I've been working on this problem:
Suppose you have an acetic acid buffer, $\mathrm{p}K_\mathrm{a} = 4.74$, at the following $\mathrm{pH}$:
1) $\mathrm{pH} = 4.00$
2) $\mathrm{pH} = 4.35$
3) $\mathrm{pH} = 4.70$
4) $\mathrm{pH} = 5.00$
5) $\mathrm{pH} = 5.40$
6) $\mathrm{pH} = 5.60$
Which buffer solution will have the highest buffering capacity against $\ce{HCl}$? Against $\ce{NaOH}$ ? Which is the best optimal buffer?
From what I understand, optimal buffers are where $\mathrm{pH} = \mathrm{p}K_\mathrm{a}$, since that is when the ratio between conjugate base and acid is equal to $1$. This means that there is just enough acid/base relative to each other to minimize $\mathrm{pH}$ changes whether a strong acid or base is added.
As for buffering against $\ce{HCl}$, we would want our $\mathrm{pH}$ to be as high as possible, right?
We want as much conjugate base as possible in our buffer to react with the $\ce{HCl}$, while minimizing the changes to the acid, which means we want $\frac{[\ce{A-}]}{[\ce{HA}]}$ to be as high as possible. Maximizing $\frac{[\ce{A-}]}{[\ce{HA}]}$ means $\log \left(\frac{[\ce{A-}]}{[\ce{HA}]}\right) \rightarrow \infty$, which means $\mathrm{pH} \rightarrow 14$, since $\mathrm{pH} = \mathrm{p}K_\mathrm{a} + \log \left(\frac{[\ce{A-}]}{[\ce{HA}]}\right)$.
The explanation for $\ce{NaOH}$ would be the exact opposite. You want as much acid compared to conjugate base as possible so that the acid reacts with $\ce{NaOH}$ while minimizing changes to the conjugate base, which means $\frac{[\ce{A-}]}{[\ce{HA}]} \rightarrow 0$, $\log \left(\frac{[\ce{A-}]}{[\ce{HA}]}\right) \rightarrow -\infty$, and $\mathrm{pH} \rightarrow 0$.

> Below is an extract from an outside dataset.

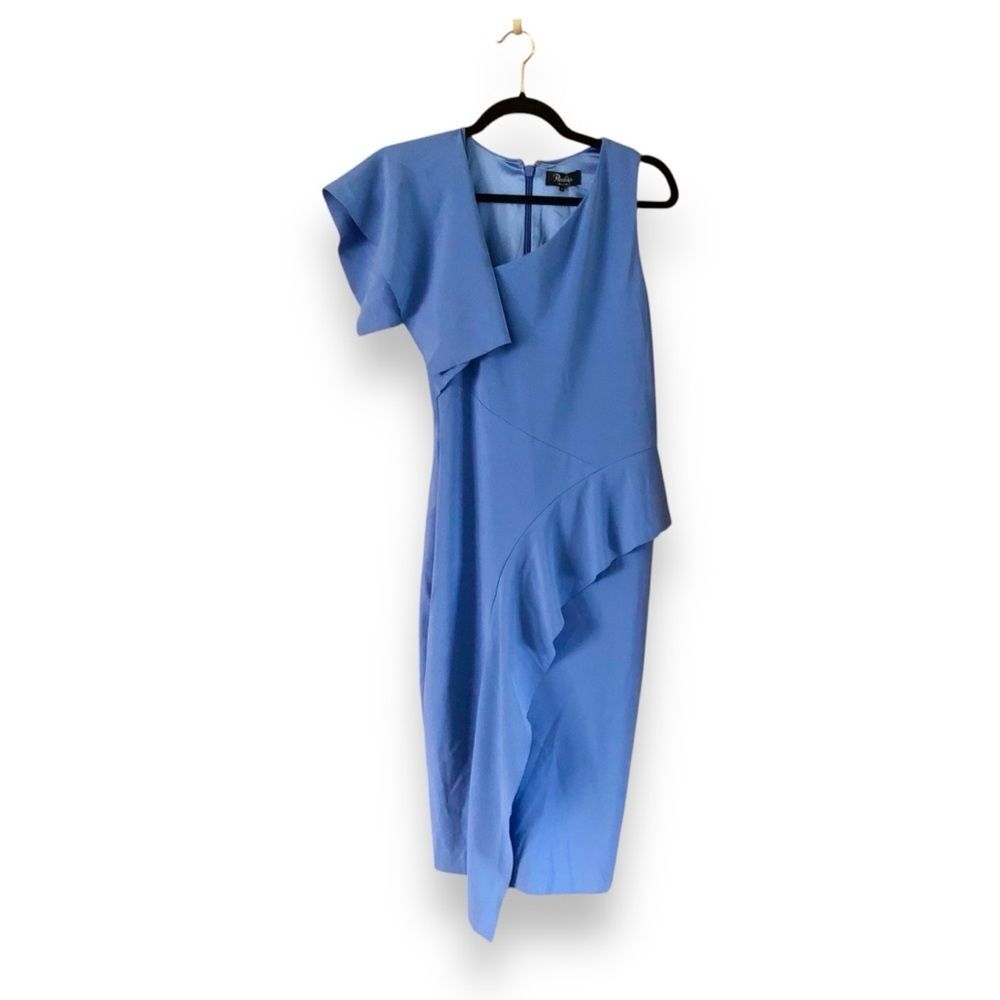 Parker Black Shara Midi Dress Periwinkle Asymmetrical Ruffle NWT Size 4 Cocktail - Picture 3 of 6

Is my understanding correct? The thing that's tripping me up is that I was told the exact amount of conjugate base and acid is more important than the ratio (e.g., $0.5 / 0.9$ is better than $0.05 / 0.09$), but since there's no mention of exact concentrations in the problem, I'm guessing we just assume that we have sufficient amounts of $\ce{A-}$ and $\ce{HA}$.
Is this generalization correct: if my buffer $\mathrm{pH} <<< \mathrm{p}K_\mathrm{a}$, then does that mean it is optimal against strong bases (and vice versa)?
Thank you for your help.